> [About this exercise]
Each line from the one that holds "Umbrella vector design" to the end of the entries is to be given again exactly. Do not include pictures.

> [Data provided]
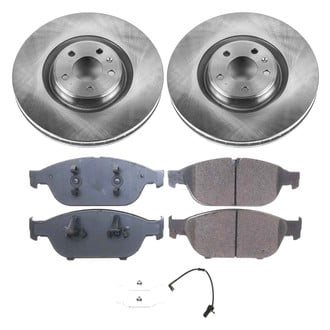 Callahan Brake Parts® - Plain Front Brake Kit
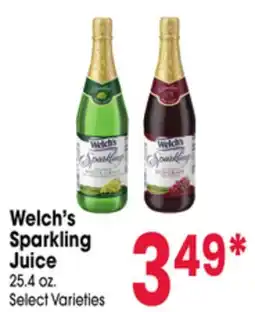 Jewel-Osco Welch's Sparkling Juice offer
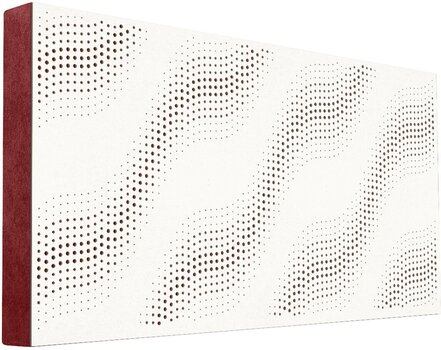 Absorpční dřevěný panel Mega Acoustic FiberPRO120 SineWave White/Dark Red Absorpční dřevěný panel - 1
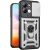 Чохол із захистом камери Deexe Armor Shield для Xiaomi Redmi 17 - Silver: фото 1 з 9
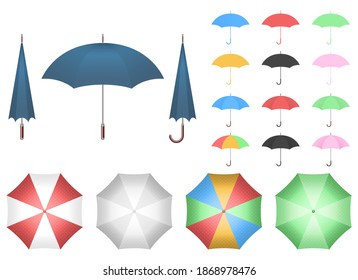 Umbrella vector design illustration isolated on white background

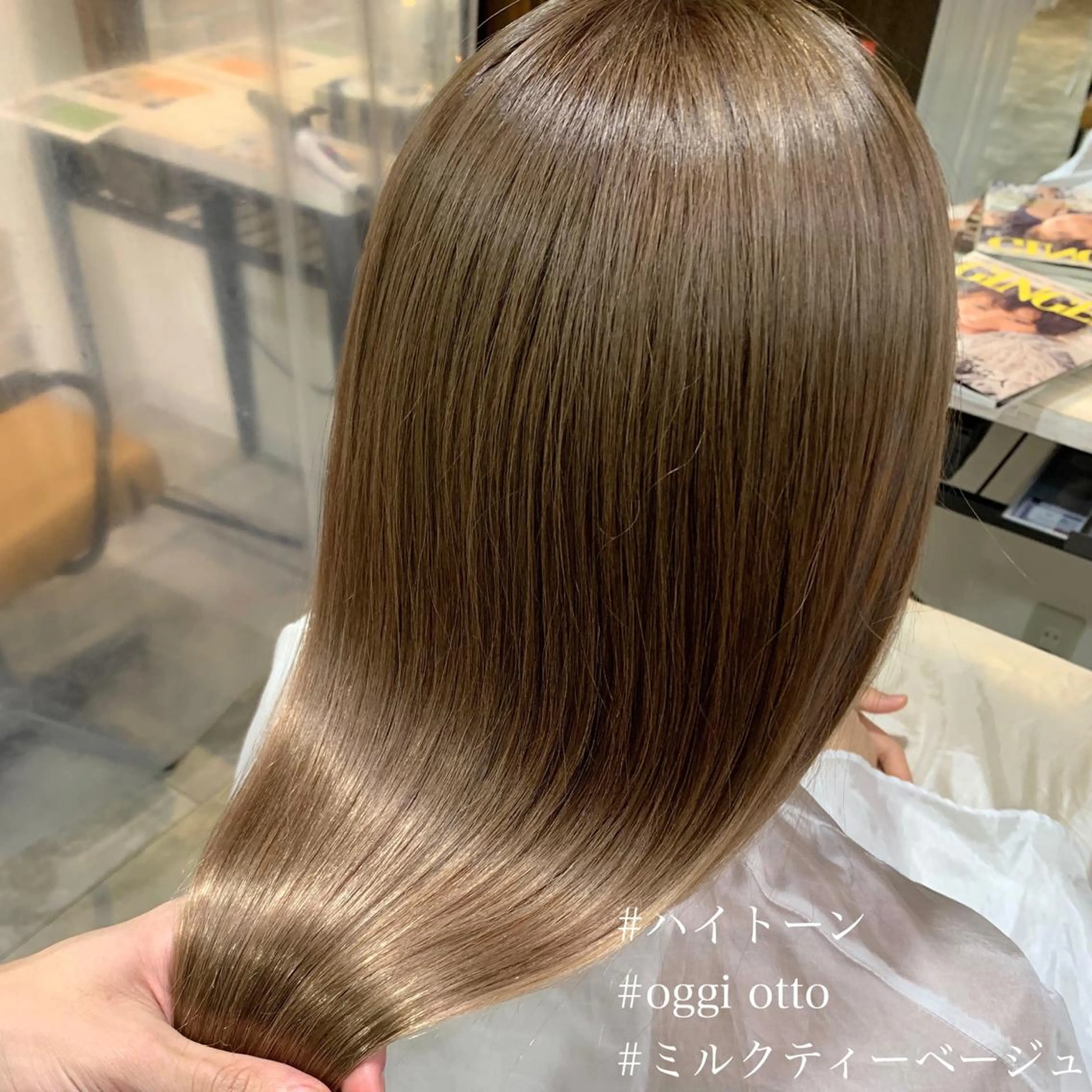 ロング カット ヘアカラー arc. arc.のヘアスタイル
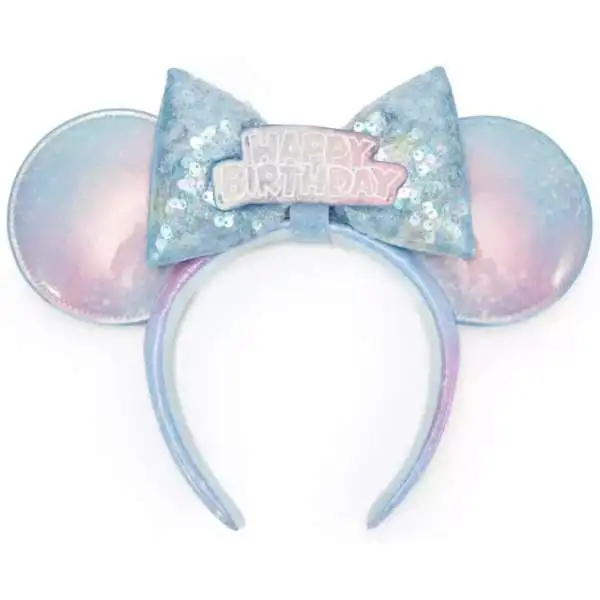 Disney Minnie Mouse Happy Birthday Ear Exclusive Headband for Adults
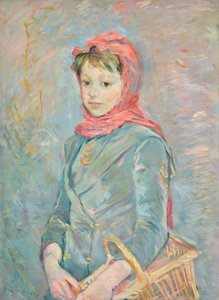 Frans: Fillette portant un panier door Berthe Morisot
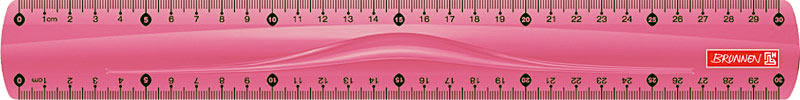 Brunnen Линейка цвет розовый 30 см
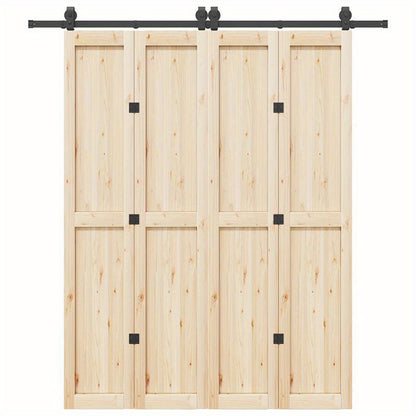 Schuifdeursysteem – Schuifdeurbeslag – Rail Systeem – Barn Deurbeslag – Schuifdeur Kit – Zwart Gepoedercoat Staal – 200 cm Rail – Draagvermogen 100 kg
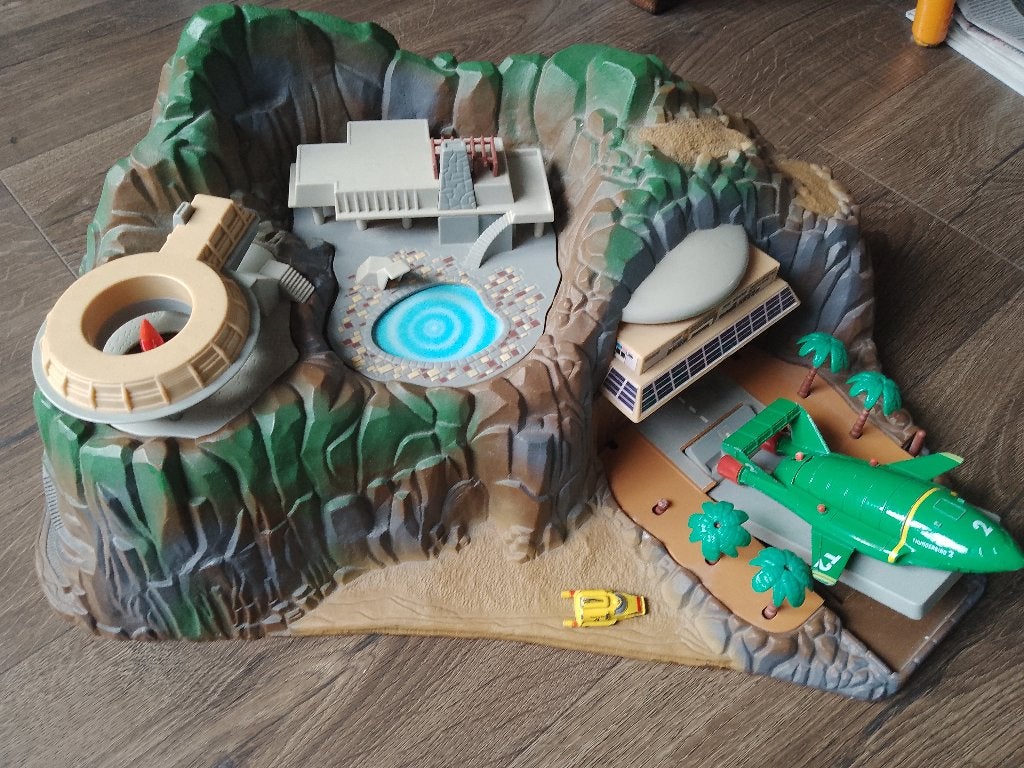 Thunderbirds Matchbox Tracy Island, Ophalen of Verzenden, Gebruikt, Tv, Overige typen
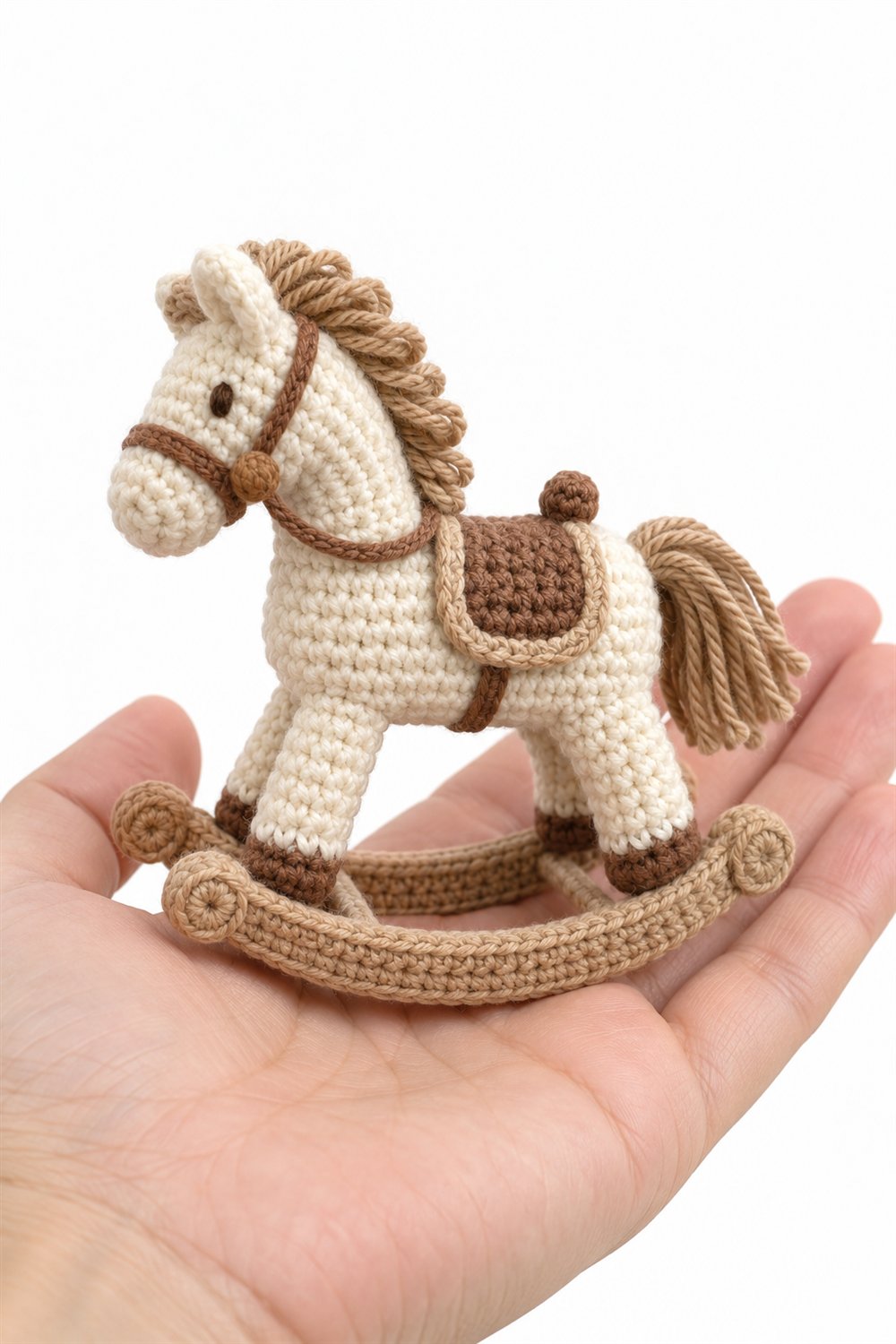 820 Cream Toy Rocking Horse Crochet Guide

> [Answer to this task]
 Umbrella vector design illustration isolated on white background

 ロング カット ヘアカラー arc. arc.のヘアスタイル
 Disney Minnie Mouse Happy Birthday Ear Exclusive Headband for Adults
 Frans: Fillette portant un panier door Berthe Morisot
 Brunnen Линейка цвет розовый 30 см
 Schuifdeursysteem – Schuifdeurbeslag – Rail Systeem – Barn Deurbeslag – Schuifdeur Kit – Zwart Gepoedercoat Staal – 200 cm Rail – Draagvermogen 100 kg
 Thunderbirds Matchbox Tracy Island, Ophalen of Verzenden, Gebruikt, Tv, Overige typen
 820 Cream Toy Rocking Horse Crochet Guide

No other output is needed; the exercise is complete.